Design pipeline using classification and embedding services
Company: Scale AI
Role: Software Engineer
Category: ML System Design
Difficulty: medium
Interview Round: Onsite
You are given two **black-box ML services**:
1. **Classification Service**
- Input: One or more text documents.
- Output: A label for each document (e.g., topic or category).
2. **Embedding Service**
- Input: One or more text documents.
- Output: A vector embedding (e.g., 768-dim float vector) for each document.
You need to design a system that:
- Accepts file uploads from users (each file contains one or more text documents).
- Supports both **single-file** and **bulk** upload (up to **1,000 files** in one request).
- For each document:
- Computes a classification label using the classification service.

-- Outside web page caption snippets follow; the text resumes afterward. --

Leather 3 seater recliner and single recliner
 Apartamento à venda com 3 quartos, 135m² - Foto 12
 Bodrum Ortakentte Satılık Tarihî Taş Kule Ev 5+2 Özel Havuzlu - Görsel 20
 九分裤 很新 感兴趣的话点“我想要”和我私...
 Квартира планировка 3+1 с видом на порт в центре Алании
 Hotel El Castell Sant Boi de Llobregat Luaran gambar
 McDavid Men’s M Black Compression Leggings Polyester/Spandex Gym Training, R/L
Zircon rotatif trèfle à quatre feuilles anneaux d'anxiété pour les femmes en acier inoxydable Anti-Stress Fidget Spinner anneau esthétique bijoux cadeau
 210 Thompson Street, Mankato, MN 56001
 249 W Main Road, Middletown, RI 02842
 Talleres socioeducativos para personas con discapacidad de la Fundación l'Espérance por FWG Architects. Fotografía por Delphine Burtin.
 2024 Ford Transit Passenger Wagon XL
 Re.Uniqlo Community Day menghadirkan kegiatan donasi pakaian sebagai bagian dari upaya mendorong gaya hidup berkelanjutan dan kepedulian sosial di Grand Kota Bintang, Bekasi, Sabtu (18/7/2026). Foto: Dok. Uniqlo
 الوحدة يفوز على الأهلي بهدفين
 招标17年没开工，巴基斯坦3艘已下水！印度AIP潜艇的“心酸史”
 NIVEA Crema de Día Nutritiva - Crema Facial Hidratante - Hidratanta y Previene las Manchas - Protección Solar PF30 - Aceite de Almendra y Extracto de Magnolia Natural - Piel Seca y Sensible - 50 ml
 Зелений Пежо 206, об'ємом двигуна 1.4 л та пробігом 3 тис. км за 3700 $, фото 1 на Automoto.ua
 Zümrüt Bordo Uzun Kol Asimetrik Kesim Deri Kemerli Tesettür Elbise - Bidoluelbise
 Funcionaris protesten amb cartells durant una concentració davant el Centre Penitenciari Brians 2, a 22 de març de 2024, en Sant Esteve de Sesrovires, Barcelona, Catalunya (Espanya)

- Computes an embedding using the embedding service.
- Stores results so they can be queried later (e.g., by user, file, or semantic search).
- Satisfies both:
- **Low latency** for small/single uploads.
- **High throughput** for large/bulk uploads.
**Task**
Design the end-to-end pipeline and APIs. Specifically address:
1. **API Design**
- How clients upload files (single and bulk up to 1,000 files).
- What responses they receive (synchronous vs asynchronous).
2. **Architecture**
- How you orchestrate calls to the classification and embedding services.
- How you store raw files, parsed text, labels, and embeddings.
- How you achieve both low latency and high throughput.
3. **Scalability & Performance**
- How to handle 1,000-file uploads without running out of memory or violating latency goals.
- Batching, queuing, and concurrency strategies when talking to the ML services.
4. **Reliability & Observability**
- Error handling for partial failures (e.g., some files fail to process).
- Monitoring, logging, and metrics.
Assume you cannot change the internals of the classification and embedding services; you may only call their APIs.
Quick Answer: This question evaluates a candidate's proficiency in ML system design, covering API design, service orchestration, data storage modeling, scalability strategies, and reliability/observability when integrating black-box classification and embedding services.